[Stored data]
=-=-=

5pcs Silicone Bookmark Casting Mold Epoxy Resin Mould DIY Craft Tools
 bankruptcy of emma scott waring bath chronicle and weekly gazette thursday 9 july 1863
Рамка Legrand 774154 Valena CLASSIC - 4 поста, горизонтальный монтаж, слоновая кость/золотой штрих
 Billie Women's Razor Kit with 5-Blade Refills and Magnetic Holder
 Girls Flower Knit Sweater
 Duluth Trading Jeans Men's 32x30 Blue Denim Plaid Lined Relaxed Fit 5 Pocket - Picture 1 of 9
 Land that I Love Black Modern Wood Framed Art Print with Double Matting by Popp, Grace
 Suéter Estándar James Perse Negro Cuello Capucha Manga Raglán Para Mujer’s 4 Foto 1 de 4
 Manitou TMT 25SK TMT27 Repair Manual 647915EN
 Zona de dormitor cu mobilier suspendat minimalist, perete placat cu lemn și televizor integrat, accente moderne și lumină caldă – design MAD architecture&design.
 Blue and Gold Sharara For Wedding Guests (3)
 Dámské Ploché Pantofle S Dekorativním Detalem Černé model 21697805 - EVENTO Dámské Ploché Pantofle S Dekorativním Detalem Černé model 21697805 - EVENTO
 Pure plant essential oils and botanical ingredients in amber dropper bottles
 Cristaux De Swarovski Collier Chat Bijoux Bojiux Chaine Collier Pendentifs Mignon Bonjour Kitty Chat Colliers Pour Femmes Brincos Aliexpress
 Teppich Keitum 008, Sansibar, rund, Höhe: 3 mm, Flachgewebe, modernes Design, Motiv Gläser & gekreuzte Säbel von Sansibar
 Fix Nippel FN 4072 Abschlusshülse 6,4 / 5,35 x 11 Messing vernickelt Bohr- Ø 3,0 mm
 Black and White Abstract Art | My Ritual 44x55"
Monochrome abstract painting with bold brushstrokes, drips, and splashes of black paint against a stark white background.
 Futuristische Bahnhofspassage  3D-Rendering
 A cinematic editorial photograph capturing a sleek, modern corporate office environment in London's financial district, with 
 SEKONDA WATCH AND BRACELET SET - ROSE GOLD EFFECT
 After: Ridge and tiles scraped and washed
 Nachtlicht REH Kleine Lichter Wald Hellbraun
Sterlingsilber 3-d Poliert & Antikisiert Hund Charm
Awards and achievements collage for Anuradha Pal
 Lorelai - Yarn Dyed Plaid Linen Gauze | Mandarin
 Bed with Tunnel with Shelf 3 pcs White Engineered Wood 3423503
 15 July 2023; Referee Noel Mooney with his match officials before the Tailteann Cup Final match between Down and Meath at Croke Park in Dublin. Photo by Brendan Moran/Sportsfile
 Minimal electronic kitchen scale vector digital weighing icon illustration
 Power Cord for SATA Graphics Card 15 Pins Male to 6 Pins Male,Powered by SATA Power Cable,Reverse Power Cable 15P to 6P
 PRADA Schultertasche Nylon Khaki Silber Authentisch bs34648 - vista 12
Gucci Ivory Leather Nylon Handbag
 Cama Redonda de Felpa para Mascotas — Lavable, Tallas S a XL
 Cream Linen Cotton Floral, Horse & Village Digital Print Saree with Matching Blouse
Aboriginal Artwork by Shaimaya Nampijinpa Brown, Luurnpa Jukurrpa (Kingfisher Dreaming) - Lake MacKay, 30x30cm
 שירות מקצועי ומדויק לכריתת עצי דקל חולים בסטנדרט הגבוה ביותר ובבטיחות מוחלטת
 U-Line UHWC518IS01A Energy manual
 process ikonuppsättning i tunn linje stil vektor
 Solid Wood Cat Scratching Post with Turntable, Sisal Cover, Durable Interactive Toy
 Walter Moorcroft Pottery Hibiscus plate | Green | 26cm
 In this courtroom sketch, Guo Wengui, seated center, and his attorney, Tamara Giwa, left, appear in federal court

=-=-=

Your assignment: Among the lines above, find those with the word "Print". Copy them.

Problem solution:
 Land that I Love Black Modern Wood Framed Art Print with Double Matting by Popp, Grace
 Cream Linen Cotton Floral, Horse & Village Digital Print Saree with Matching Blouse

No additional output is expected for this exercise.